• Try it:
Extract the lines from the first line of the records below through the line containing "Montre - FOSSIL", inclusive, and reproduce them exactly as written.

• Recorded data:
=== Begin Enclosure ===
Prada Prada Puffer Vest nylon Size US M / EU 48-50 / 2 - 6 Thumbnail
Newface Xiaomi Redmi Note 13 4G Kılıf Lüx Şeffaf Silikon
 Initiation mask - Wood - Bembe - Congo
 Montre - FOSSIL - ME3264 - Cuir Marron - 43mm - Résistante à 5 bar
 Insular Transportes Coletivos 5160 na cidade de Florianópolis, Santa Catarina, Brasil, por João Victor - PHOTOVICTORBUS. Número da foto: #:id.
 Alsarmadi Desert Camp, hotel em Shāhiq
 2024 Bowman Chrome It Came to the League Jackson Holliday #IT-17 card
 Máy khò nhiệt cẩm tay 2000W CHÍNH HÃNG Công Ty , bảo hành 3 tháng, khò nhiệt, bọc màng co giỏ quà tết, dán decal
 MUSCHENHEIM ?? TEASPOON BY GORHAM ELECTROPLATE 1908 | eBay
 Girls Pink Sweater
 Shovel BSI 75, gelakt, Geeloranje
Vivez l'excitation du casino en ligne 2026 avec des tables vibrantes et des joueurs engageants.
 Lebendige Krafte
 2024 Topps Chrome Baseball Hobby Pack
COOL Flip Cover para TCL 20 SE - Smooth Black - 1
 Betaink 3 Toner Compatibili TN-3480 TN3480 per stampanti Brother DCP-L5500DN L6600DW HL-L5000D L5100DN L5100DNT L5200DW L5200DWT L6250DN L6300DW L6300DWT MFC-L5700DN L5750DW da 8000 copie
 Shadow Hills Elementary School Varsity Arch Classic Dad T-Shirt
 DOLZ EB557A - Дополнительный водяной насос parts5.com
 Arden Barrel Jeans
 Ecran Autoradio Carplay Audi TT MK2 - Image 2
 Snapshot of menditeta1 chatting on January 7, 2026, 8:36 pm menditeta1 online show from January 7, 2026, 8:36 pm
=== End Enclosure ===
• Expected answer:
Prada Prada Puffer Vest nylon Size US M / EU 48-50 / 2 - 6 Thumbnail
Newface Xiaomi Redmi Note 13 4G Kılıf Lüx Şeffaf Silikon
 Initiation mask - Wood - Bembe - Congo
 Montre - FOSSIL - ME3264 - Cuir Marron - 43mm - Résistante à 5 bar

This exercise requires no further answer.